I am drawn to the uninhabited places of the world, a kind of strange pull on my person which is likely what led me to Antarctica, to the middle of the Atlantic, and way out Woop Woop. In Hawaii, my search for wilderness took me to Kauai, Hawaii’s Garden Island, a place so steep and so green, the color seems to soak right down the roots that cling to the red dirt.
I only came to Kauai for three days, which is unforgivable, really. Nobody should ever travel all the way to Hawaii and then hop over to a heavenly lump of stone in the ocean, with all the shallow intentions that accompany a return ticket. But which is worse? I reasoned: to never go at all, or to go for a brief-yet-rich taste of an island that not even the majority of Hawaiians have ever visited.
With a boastful tone, so many the islanders on Kauai offered me varying figures: “Well, you know, our island is 80% uninhabited!” they averaged, and I did not question them. A map of Kauai shows a lovely splotch of green in the middle, void of all roads or towns or anything. Even the topographic lines are not so noticeable since most of them are scrunched up so tightly: not only is Kauai extremely green, much of it is extremely steep.
I knew all this map-wise before I got there. I learned it foot-wise when trying to hike inside the Na Pali Coast State Wilderness Park. I spent half a day making my way along the coastal path, which runs up and down over the volcanic ridges, graduating to steeper and steeper climbs with breathtaking drop-offs. Permits are necessary for longer hikes in Na Pali and with good reason. This is not easy terrain . . . but it’s beautiful.
I made my home on the north shore of Kauai (at the St. Regis near Hanalei) — luxurious, yes, but also wonderfully separate from everything else on the rest of the island and with a constant view of the coastline that I had come to explore. After a day of fighting the rain forest on foot, I succumbed to the tourist temptation of a helicopter ride, which hands down is the greatest way to see all of the island of Kauai.
We took off in the regular drizzle of this wet island, the chopper doors removed so that the wet breeze kissed my face, and bringing the vertical landscape so close, I felt like I could graze the green cliffs with the back of my hand.
Higher up, the drizzle turned to a wet mist, brightened by sunbursts, so that time after time, arched and intensely-colored rainbows appeared and then disappeared.
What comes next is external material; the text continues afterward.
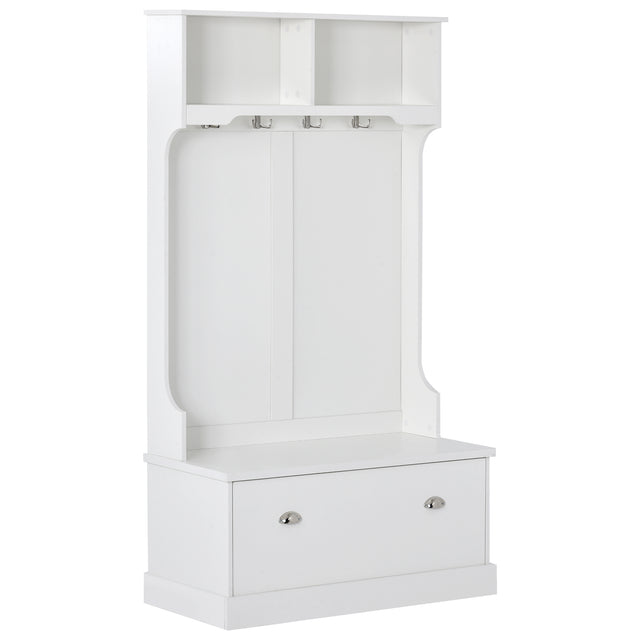 ON-TREND Hall Tree with 4 Hooks, Coat Hanger, Entryway Bench, Storage Bench, 3-in-1 Design, for Livingroom, Hallway (white)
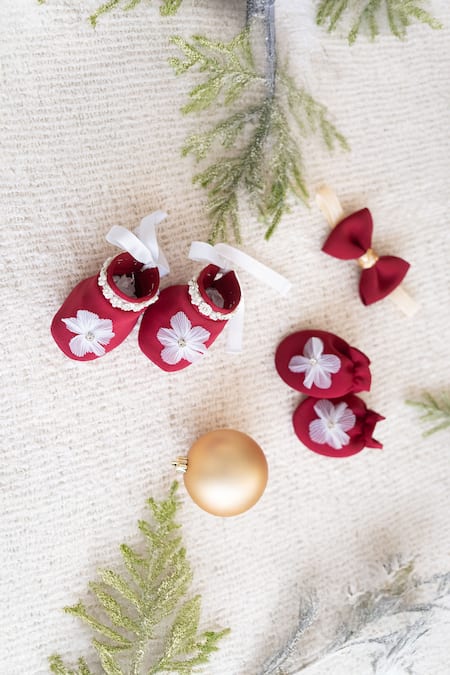 Ruchika Lath Label Red Embellished Dress Set with Accessories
Buzzing over a rain-soaked volcano, chasing red and indigo prisms — this was the Hawaii that I had always imagined.
I was especially thrilled to pass over Mount Wai’ale’ale, considered to the wettest spot on earth with the highest rainfall (over 450 inches per year). I remembered this small fact from childhood, back when I was studying for the National Geographic Bee. Soaring like a dragonfly over the rippled landscape of Kauai, I suddenly missed the NG Kids who I’d been traveling with back in Oahu. I thought how much they would have loved this island and most of all, this unbelievable ride on a helicopter that brought me to places most humans will never reach by motor or foot.
For us mainlanders out there, I think the great shock of Hawaii is the need for a regular reminder that everything one encounters — the gargantuan cliffs and prehistoric-looking landscapes, the impossible mountains that seem to be the imagination of a malicious child — this whole wild and tropical castle; all of it falls within the realm of the United States of America.
I must keep remembering this important fact, because ever since I was the age of the NG Kids, I have been singing America the Beautiful. Up until now, whenever I get to that final strain, “from sea to shining sea,” I have imagined the mid-Atlantic beaches of home and the crashing white surf of coastal California.
“This is the span of my country,” I used to think as I sang out the slow line, but after my helicopter ride in Kauai, my vision for this one American anthem has changed forever. The Na Pali coast is wild and unruly, rocky and beautifully forbidding. Now that I have been there, I will never forget the dramatic, chest-gripping heights of this wall of rock and moss, and I will never forget the truly shining sea of the blue Pacific — the mostly-uninhabited place on the other side of America, the beautiful.